▶ _PROVIDED DATA_:
»»
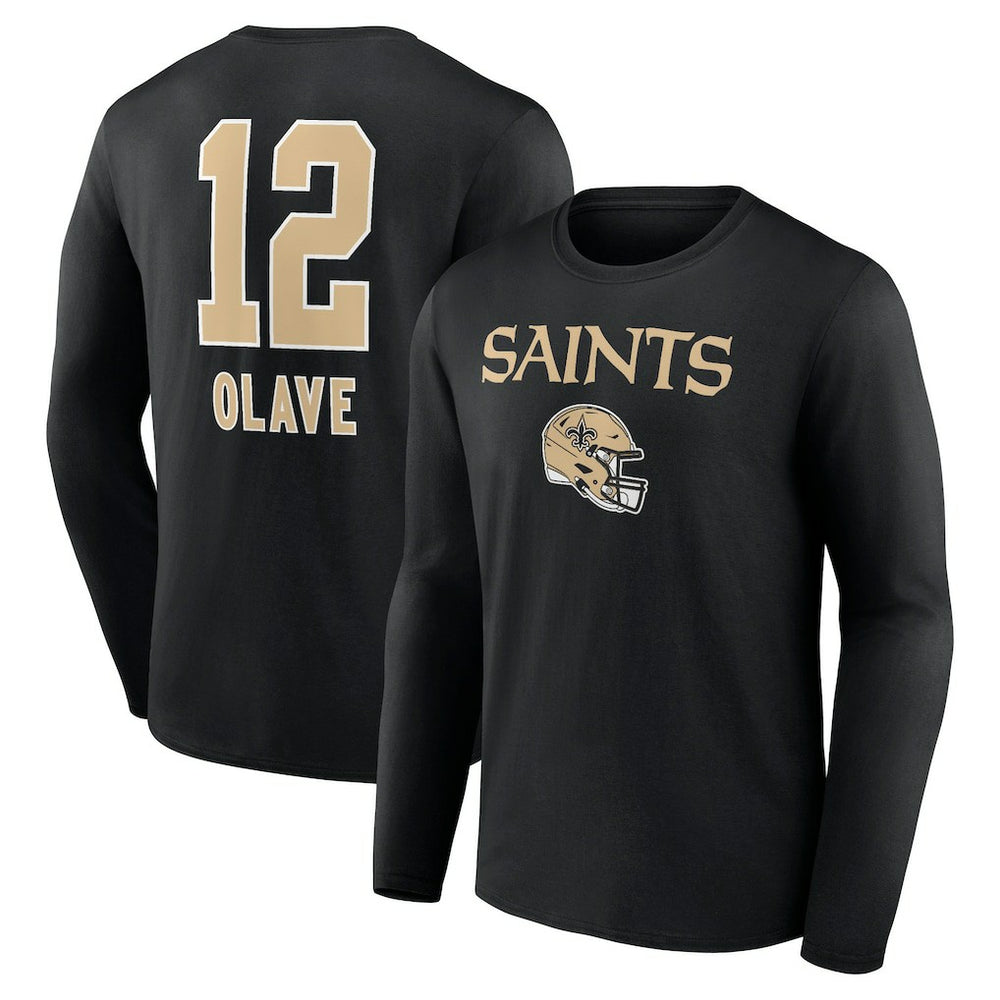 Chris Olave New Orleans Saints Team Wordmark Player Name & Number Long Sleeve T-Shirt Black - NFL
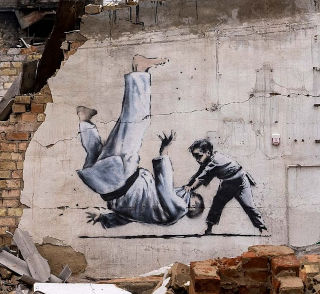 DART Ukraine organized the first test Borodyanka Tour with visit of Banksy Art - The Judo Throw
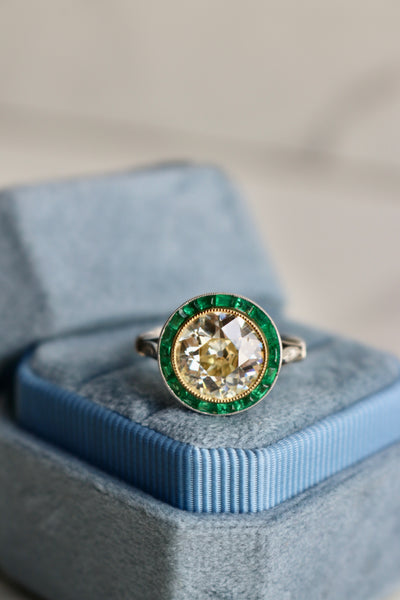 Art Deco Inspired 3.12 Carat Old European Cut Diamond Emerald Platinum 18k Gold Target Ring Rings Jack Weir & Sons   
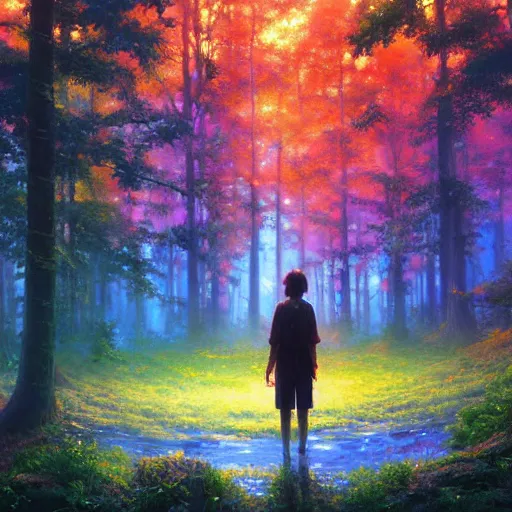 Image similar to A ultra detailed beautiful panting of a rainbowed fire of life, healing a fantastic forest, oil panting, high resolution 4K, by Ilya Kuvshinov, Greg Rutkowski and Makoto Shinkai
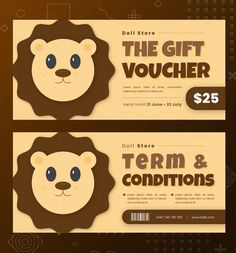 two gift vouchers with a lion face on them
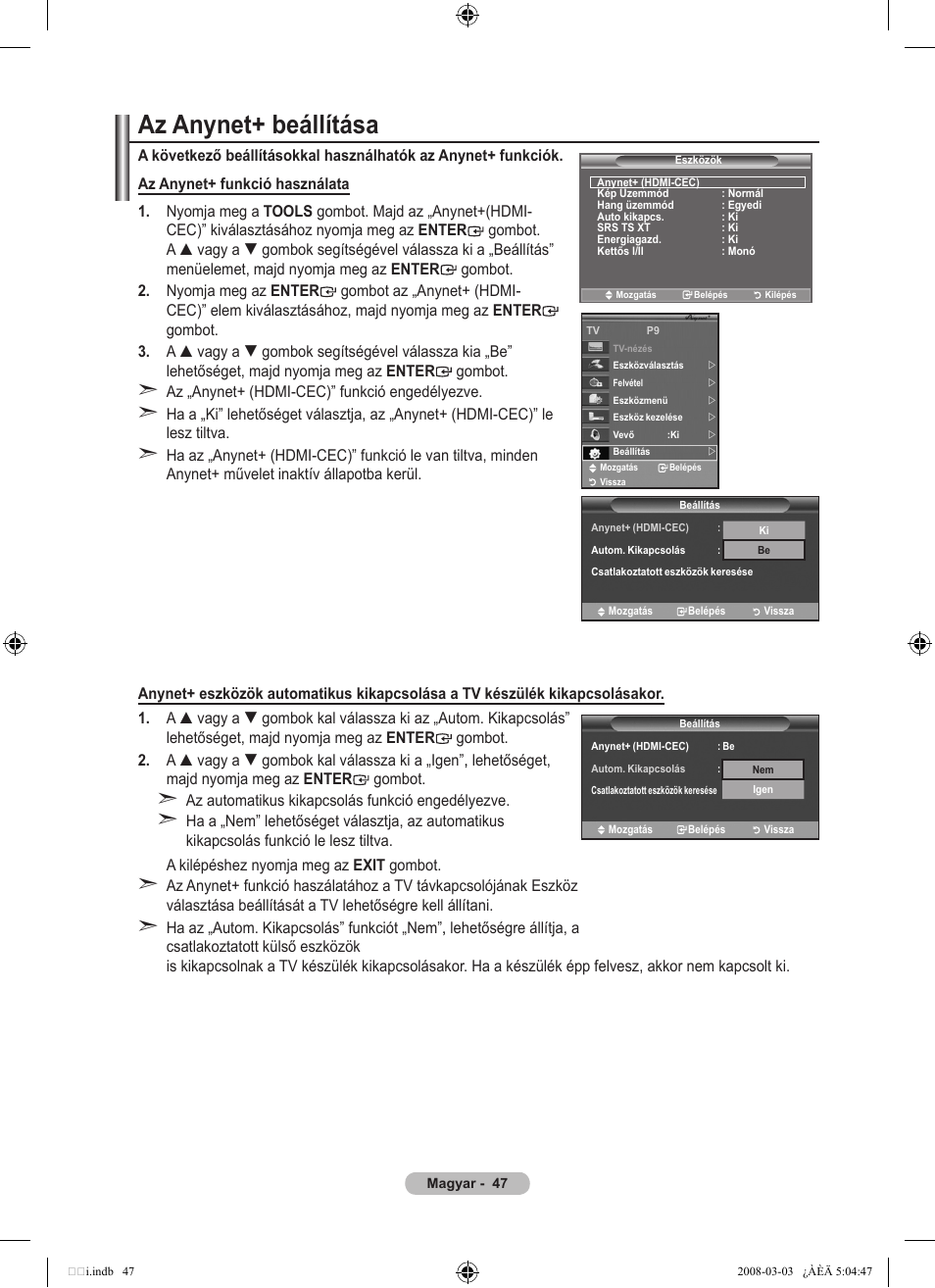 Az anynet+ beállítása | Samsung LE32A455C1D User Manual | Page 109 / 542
««
▶ _EXERCISE OBJECTIVE_: The final stretch of the data, from the line with "DART Ukraine organized" through its last line, is to be retyped exactly; pictures are not part of the copy.

▶ _EXERCISE ANSWER_:
 DART Ukraine organized the first test Borodyanka Tour with visit of Banksy Art - The Judo Throw
 Art Deco Inspired 3.12 Carat Old European Cut Diamond Emerald Platinum 18k Gold Target Ring Rings Jack Weir & Sons   
 Image similar to A ultra detailed beautiful panting of a rainbowed fire of life, healing a fantastic forest, oil panting, high resolution 4K, by Ilya Kuvshinov, Greg Rutkowski and Makoto Shinkai
 two gift vouchers with a lion face on them
 Az anynet+ beállítása | Samsung LE32A455C1D User Manual | Page 109 / 542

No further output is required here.